Sunday, February 26, 2012

The Devil to Pay, by David Edgerley Gates

"The Devil to Pay," by David Edgerley Gates, in Alfred Hitchcock's Mystery Magazine, April 2012.

If you like Elmore Leonard's casserole's fo good guys/bad guys plotting against each other, you should enjoy this story.  Tommy Meadows, fresh out of jail, is just what the FBI needs to find out what happened to a shipment of guns and ammo intended for the Army.  All he has to do is stay alive long enough to outsmart the Russian mob.  Good luck with that, Tommy boy.

I think the main reason this story made my weekly hit list is the two words a femaie fed makes after shooting someone.  Hilarious.

Sunday, February 19, 2012

Wrecked, by Therese Greenwood

"Wrecked" by Therese Greenwood, in Ellery Queen's Mystery Magazine, March/April 2012.
Some stories are about plot.  Some are about suspense, or language.  This one is all about character.

The narrator is Rosie, who runs a small-town auto wrecker.  She's interesting in her own way, with her fatalism about her business and her pride in her nephew the cop who was "the grade-two knock-knock joke champion of St. Paul's school."  And there is her mechanic Gary, who can't stop being snotty to that same cop, no matter how ill-advised his attitude is, or how bad his jokes are.

But the star of the show is Floyd the Buddhist, a senior citizen Vietnam vet, who makes his living delivering Vietnamese food and constantly babbles karma-speak.   Why is he always scrounging used car parts?  "My vehicle strives for rebirth."

When a murdered man is found in the car crushing machinery Rosie will need help from all these characters to catch the bad guy.

Fun story.

Sunday, February 12, 2012

Rolling Rivera, by Steven Torres

"Rolling Rivera," by Steven Torres, in The Precinct Puerto Rico Files.  2012.

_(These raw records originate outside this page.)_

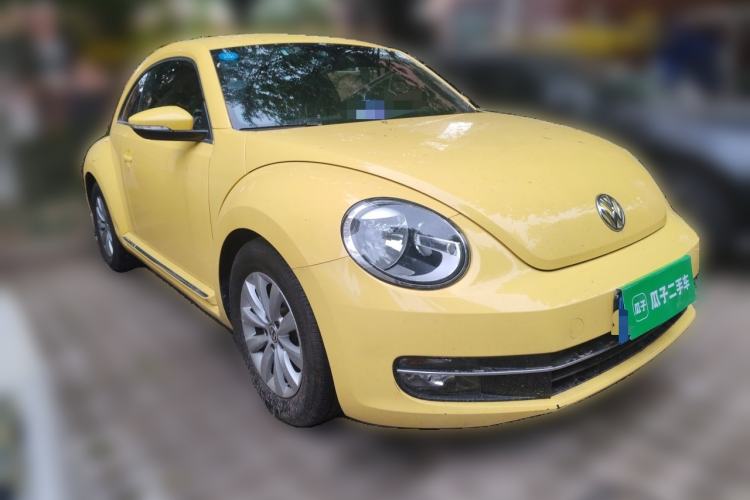 Used Volkswagen Beetle 2015 180TSI model Front Right 45 Deg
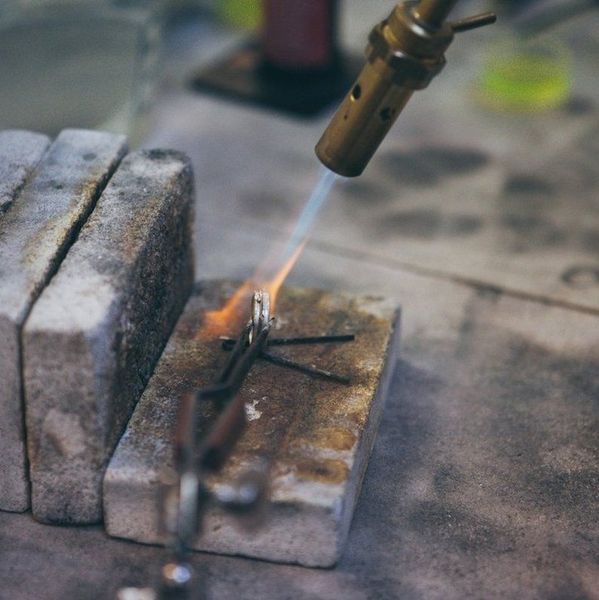 nhẫn cầu hôn bằng vàng hay bạc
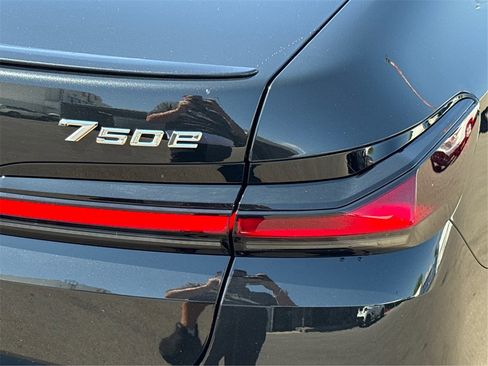 New 2026 BMW 750e xDrive image 17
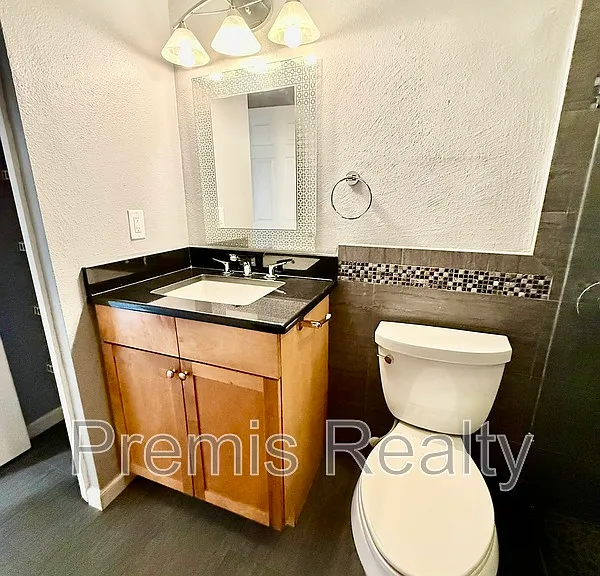 2500 Winding Creek Blvd #H202 — Photo 11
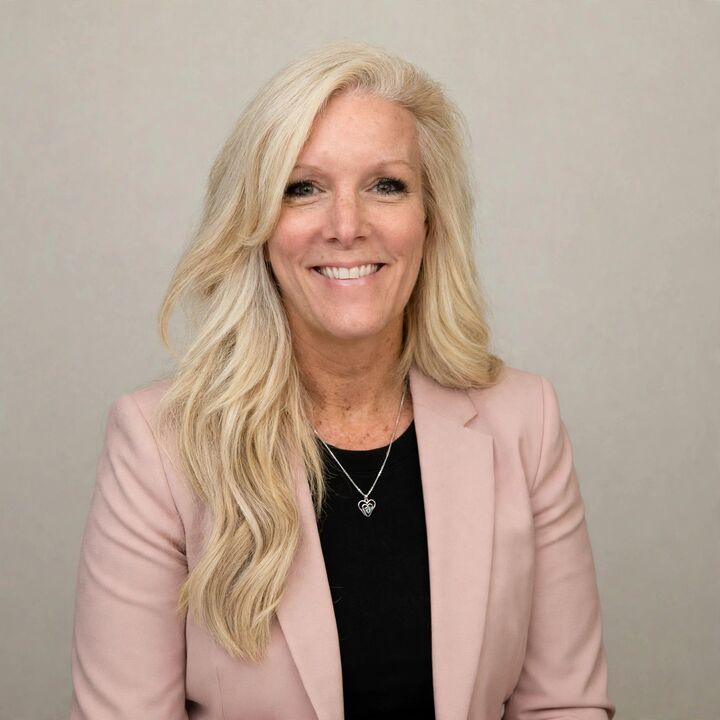 Dawn Hills, Real Estate Broker in Eugene, Equinox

I am not the first to notice that detective fiction tends to flourish only in democracies.  In fact, I think you could make a case that the popularity of different genres of crime stories gives you a sort of national temperature.  When World War I and Prohibition made us cynical about the powers that be, we stopped reading classical mysteries (in which the bad guy was brought to governmental justice) and turned to hard-boiled (in which the law is corrupt and the good guy is on his own).  Nowadays we seem to have thrillers (confirmation for the paranoids among us) and noir (nourishment for nihilists).

I was pondering this as I read The Precinct Puerto Rico Files, an e-book that Steven Torres was kind enough to send me.  His hero usually solves the crime, but he can't solve the underlying economic social problems that caused the mess, and will cause more.  So justice becomes a little, shall we say, ad lib.

I should explain that the hero, Luis Gonzalo, is the sheriff of Angustias (the anguishes) a small mountain town in Puerto Rico.  The time is the 1970s.

A good example of my thesis is "Rolling Rivera."  Abraham Rivera, an abusive husband and father, lives in a wheelchair because of an earlier drunken folly.  He is found dead, run over on a road.  The legal question is: was it another booze-soaked accident, or did someone set him up to be killed?  And the bigger question is: if the latter, should we prosecute or celebrate?

Another very good story in this book is "The Driver," in which a small mistake builds up, with the inevitability of Greek tragedy, into a pointless disaster.  One more thing I really liked about the book was the brief note Torres placed after each story explaining where he got the idea.

Sunday, February 5, 2012

Wood-Smoke Boys by Doug Allyn

"Wood-Smoke Boys," by Doug Allyn, in Ellery Queen's Mystery Magazine, March/April 2012.

When I was ten years old, my favorite uncle murdered my favorite aunt.

Thus begins a wonderfully-written story of country folk versus city folk in the north woods of Michigan.  Dylan LaCrosse is the narrator and his back woods family suffers some terrible times, but they don't suffer quietly, which leads to the local warning: "Never cross a LaCrosse."

Now Dylan is a cop and state police are coming in to investigate the murder of a state legislator who caused tragedy to the LaCrosse family.  Can Dylan stay alive and solve the puzzle?  And whose side is he on?

Two more wonderful lines from the story:

In the deep woods, amid the shadows and feral silences, man's place atop the food chain is still up for debate.

The kid's mentally challenged.  His rat-bastard brothers use him for a guard dog to save the price of Alpo.